A man in the UK is organising Britain’s first small penis party
This lad has some pair of balls on him that’s for sure.
Socialites fond of a night on the town often like to brag about the parties they attend, but we’re not sure there’ll be too many bragging about going to a certain party coming up in the UK next month.
Poet Ant Smith is throwing a ‘Big Small Penis Party’ in London, a party that is open to males and females, but the entry fee for male guests will depend on the size of their, ahem, little man down there.
According to The Mirror, entry to the party will be charged at 50p per inch, with attendees required to disclose the size of their penis on entry.
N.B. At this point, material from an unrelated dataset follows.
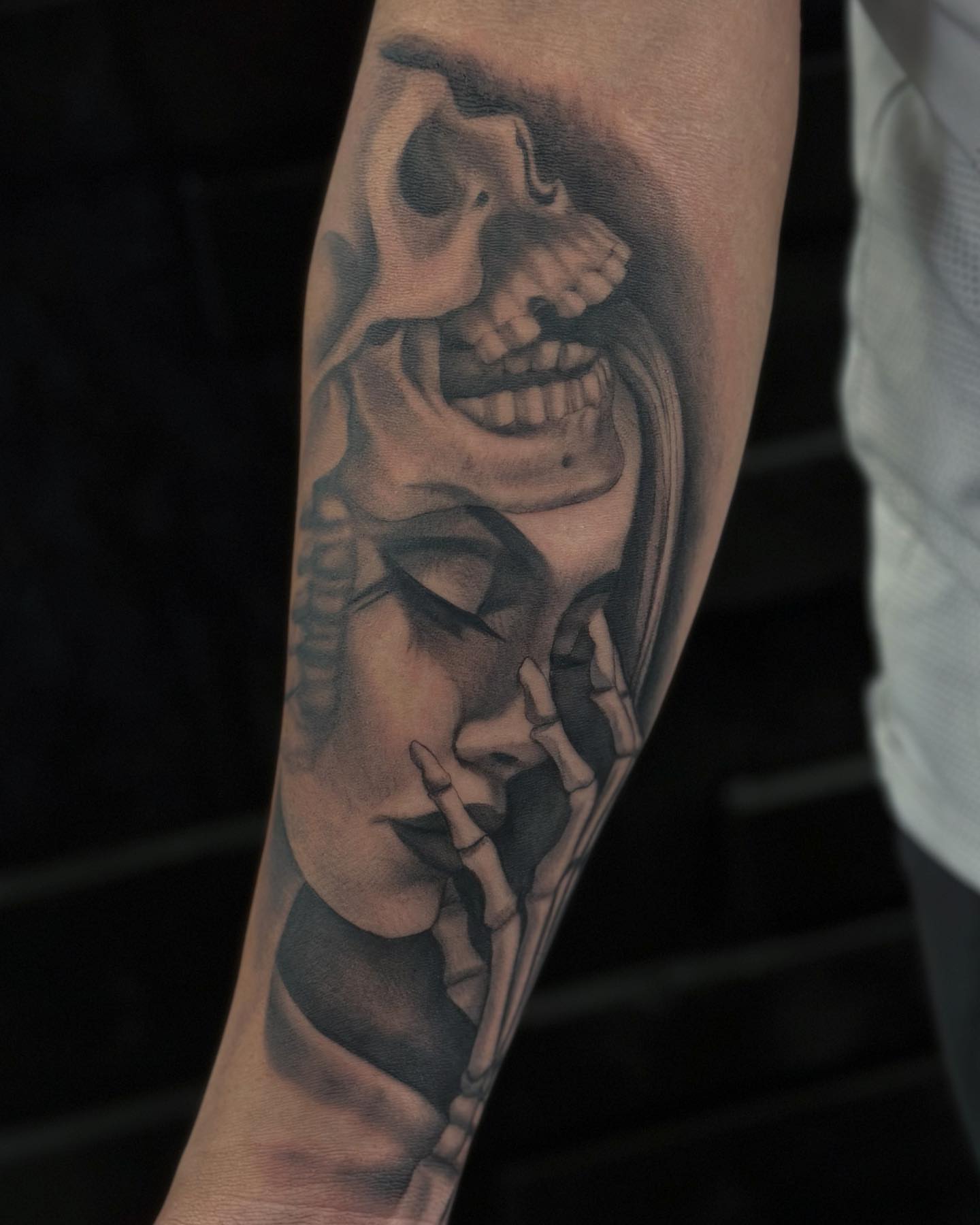 Skull and woman realism tattoo on the forearm by audi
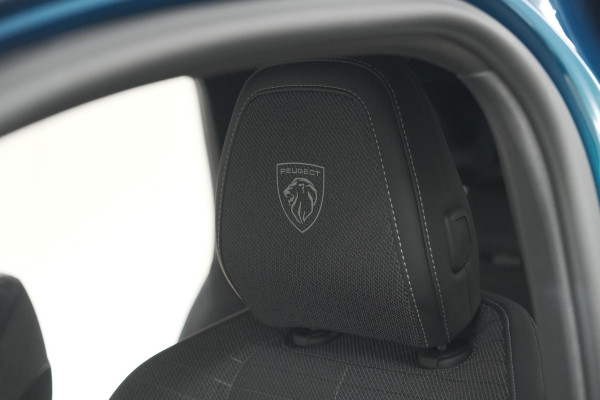 Peugeot 5008 1.2 Hybrid 136 GT 7p | Adaptieve Cruise Control | Camera | Elektrische Kofferklep | Stoelverwarming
The effect of this is two-fold in that partygoers exaggerating about their reproductive organ will have to cough up more cash, whereas those trying to get in on the cheap will have to admit to having a tiny member.
It’s not going to make much of a difference either way because with the size of an average male penis being five to six inches, most men attending the party will get in for £3 or less.
Talk about bang for your buck!
It also begs the question, do women get in for free?
“For too long, men who perceive their penises to be small have been made to feel inadequate,” Smith is quoted as saying in The Mirror.
“It’s time to stand up and say there’s nothing wrong with having a little nob.”
Comedians, nude poets, musicians and rappers have already been lined up to perform at the event, which will take place at The Rhythm Factory in Whitechapel in London on March 7
“It’s an open invite to everybody, male or female, Smith added.
“We’ve all been touched by a small penis in our lifetime, now’s the time to give something back.”
Will they be rocking out with their cocks out? We’ll get our coats.